## EXERCISE DIRECTIONS
Write out all of the lines below, exactly and completely.

## INPUT MATERIAL

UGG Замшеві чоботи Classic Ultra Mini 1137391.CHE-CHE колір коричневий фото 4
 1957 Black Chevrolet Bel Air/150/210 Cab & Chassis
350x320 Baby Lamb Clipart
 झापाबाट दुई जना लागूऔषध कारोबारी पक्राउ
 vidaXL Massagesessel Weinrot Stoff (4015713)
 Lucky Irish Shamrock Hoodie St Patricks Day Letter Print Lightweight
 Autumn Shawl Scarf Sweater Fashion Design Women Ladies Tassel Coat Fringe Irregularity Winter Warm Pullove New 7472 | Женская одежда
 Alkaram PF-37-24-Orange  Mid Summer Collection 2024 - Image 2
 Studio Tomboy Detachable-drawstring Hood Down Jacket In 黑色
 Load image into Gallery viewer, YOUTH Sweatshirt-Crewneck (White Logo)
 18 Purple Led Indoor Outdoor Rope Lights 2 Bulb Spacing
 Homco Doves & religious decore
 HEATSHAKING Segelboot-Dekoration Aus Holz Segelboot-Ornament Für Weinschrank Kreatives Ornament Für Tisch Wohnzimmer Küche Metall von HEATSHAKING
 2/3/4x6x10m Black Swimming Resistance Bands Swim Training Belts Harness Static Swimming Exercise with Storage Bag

## ANSWER TO THE EXERCISE
UGG Замшеві чоботи Classic Ultra Mini 1137391.CHE-CHE колір коричневий фото 4
 1957 Black Chevrolet Bel Air/150/210 Cab & Chassis
350x320 Baby Lamb Clipart
 झापाबाट दुई जना लागूऔषध कारोबारी पक्राउ
 vidaXL Massagesessel Weinrot Stoff (4015713)
 Lucky Irish Shamrock Hoodie St Patricks Day Letter Print Lightweight
 Autumn Shawl Scarf Sweater Fashion Design Women Ladies Tassel Coat Fringe Irregularity Winter Warm Pullove New 7472 | Женская одежда
 Alkaram PF-37-24-Orange  Mid Summer Collection 2024 - Image 2
 Studio Tomboy Detachable-drawstring Hood Down Jacket In 黑色
 Load image into Gallery viewer, YOUTH Sweatshirt-Crewneck (White Logo)
 18 Purple Led Indoor Outdoor Rope Lights 2 Bulb Spacing
 Homco Doves & religious decore
 HEATSHAKING Segelboot-Dekoration Aus Holz Segelboot-Ornament Für Weinschrank Kreatives Ornament Für Tisch Wohnzimmer Küche Metall von HEATSHAKING
 2/3/4x6x10m Black Swimming Resistance Bands Swim Training Belts Harness Static Swimming Exercise with Storage Bag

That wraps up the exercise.